At September 30, 2021, excluding the mortgage debt of our unconsolidated joint venture, we had 70 outstanding mortgages payable secured by 85 properties in the aggregate principal amount of $406.9 million (before netting unamortized deferred financing costs of $3.5 million). These mortgages represent first liens on individual real estate investments with an aggregate carrying value of $678.1 million, before accumulated depreciation of $117.4 million.
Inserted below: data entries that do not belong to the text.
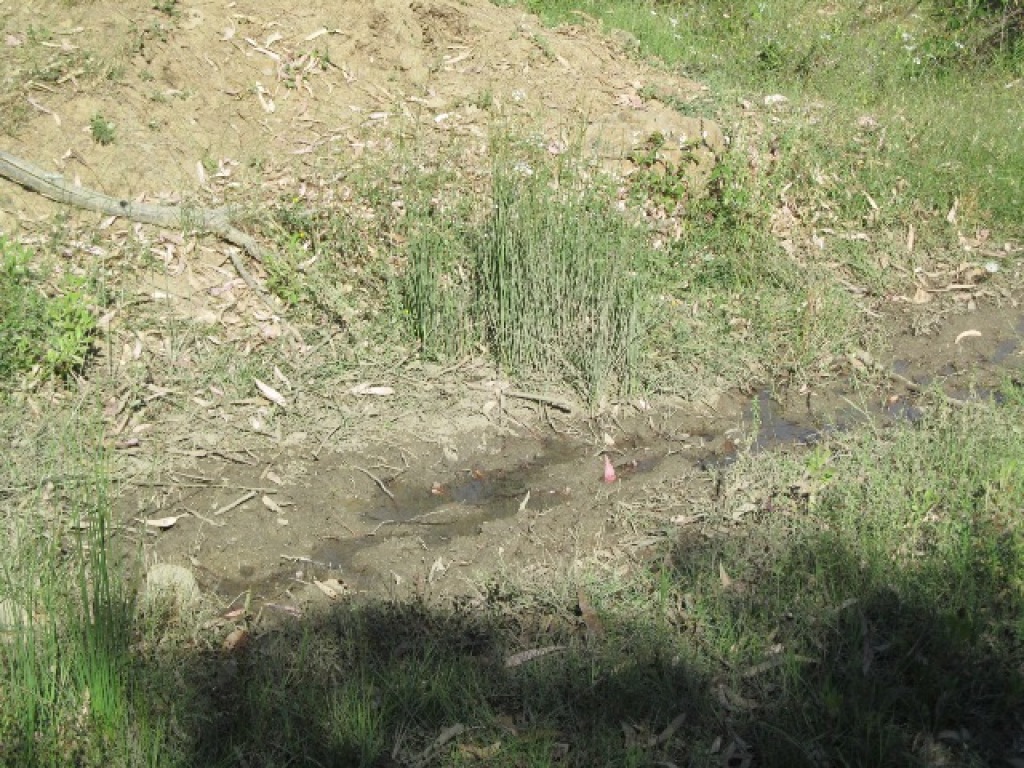 Imagen 4 de Parcela en Venta en Cortes De La Frontera Málaga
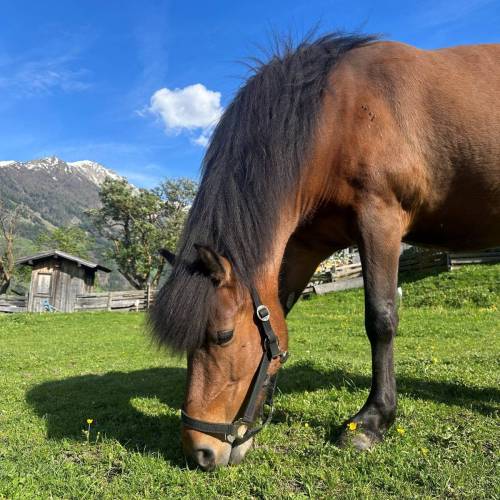 Reiten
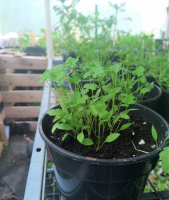 Plant de persil plat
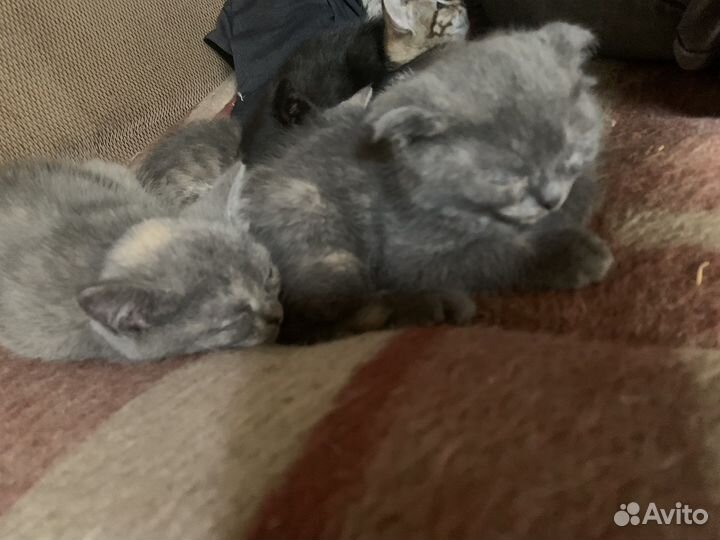 Котята отдам даром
After giving effect to interest rate swap agreements, the mortgage payments bear interest at fixed rates ranging from 3.02% to 5.50% (a 4.18% weighted average interest rate) and mature between 2022 and 2042 (a 6.6 year weighted average remaining term to maturity).
The following table sets forth, as of September 30, 2021, information with respect to our mortgage debt that is payable during the three months ending December 31, 2021 and for each of the subsequent twelve months through December 31, 2024 (excluding the mortgage debt of our unconsolidated joint venture):
Amortization payments
3,370
13,416
12,801
11,940
41,527
Principal due at maturity
31,590
16,709
50,694
98,993
45,006
29,510
62,634
140,520
At September 30, 2021, an unconsolidated joint venture had a first mortgage on its property with an outstanding balance of $22.3 million, bearing an interest rate of 4.0% and maturing in 2025.
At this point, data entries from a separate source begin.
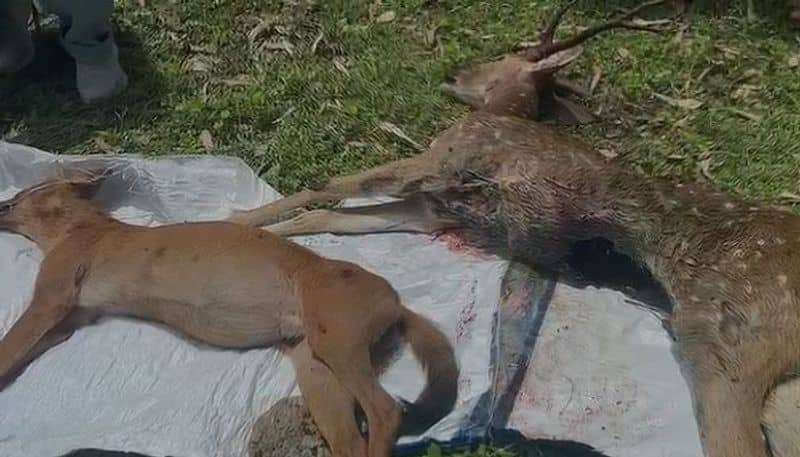 Wild Dog and Deer Killed due to Innova Car Collision at  Gundlupete in Chamarajanagar grg 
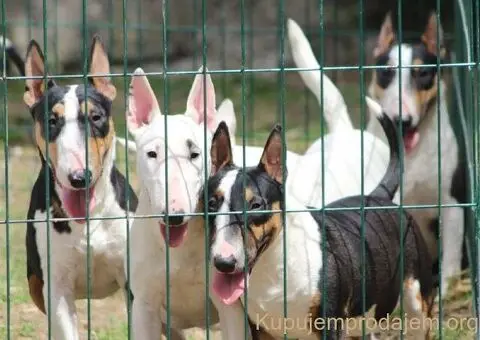 Mini bull terijeri - 4/5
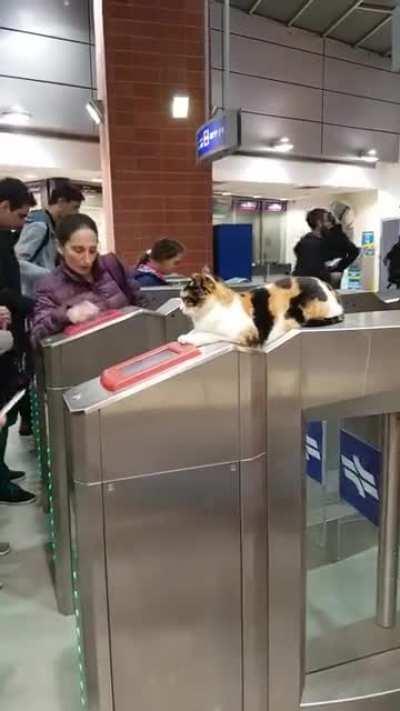It's meow station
We intend to make debt amortization payments from operating cash flow and although no assurance can be given that we will be successful in this regard, generally intend to refinance, extend or payoff the mortgage loans which mature in 2022 through 2024. We intend to repay the amounts not refinanced or extended from our existing funds and sources of funds, including our available cash, proceeds from the sale of our common stock and our credit facility (to the extent available).
We continually seek to refinance existing mortgage loans on terms we deem acceptable to generate additional liquidity. Additionally, in the normal course of our business, we sell properties when we determine that it is in our best interest, which also generates additional liquidity. Further, since each of our encumbered properties is subject to a non-recourse mortgage (with standard carve-outs), if our in-house evaluation of the market value of such property is less than the principal balance outstanding on the mortgage loan, we may determine to convey, in certain circumstances, such property to the mortgagee in order to terminate our mortgage obligations, including payment of interest, principal and real estate taxes, with respect to such property.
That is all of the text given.